# Implementing Biomedical NER with TinyLlama 

This notebook implements the core workflows presented in the paper **"LLMs in Biomedical: A Study on Named Entity Recognition"**. I will adapt the paper's methods for an open-source model, replacing the proprietary GPT-4 with **TinyLlama**.
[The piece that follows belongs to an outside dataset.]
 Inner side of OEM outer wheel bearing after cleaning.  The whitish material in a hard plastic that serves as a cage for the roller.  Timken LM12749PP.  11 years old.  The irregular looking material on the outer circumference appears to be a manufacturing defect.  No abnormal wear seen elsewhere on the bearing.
The goal is to perform **Named Entity Recognition (NER)** on biomedical text, identifying entities like diseases, treatments, and tests.


--- 
## 1. Setup and Dependencies


In [3]:
import torch
import numpy as np
import pandas as pd
from dask.multiprocessing import exceptions
from sklearn.externals.array_api_compat.dask.array import astype
from transformers import AutoTokenizer, AutoModelForCausalLM, AutoModel
from datasets import load_dataset
from sklearn.neighbors import NearestNeighbors
from transformers import pipeline
import os
import requests
import  ast

# Check for GPU availability for faster processing
device = "cuda" if torch.cuda.is_available() else "cpu"
print(f"Using device: {device}")

Using device: cuda


---
## 2. Loading Models and Data

Here, we load the TinyLlama chat model, the BioClinicalBERT model for embeddings.

In [4]:
os.getenv(".env")

In [5]:
# loading the tiny llama model 
pipe = pipeline('text-generation', model="meta-llama/Llama-3.2-3B-Instruct", dtype=torch.bfloat16, device_map="auto")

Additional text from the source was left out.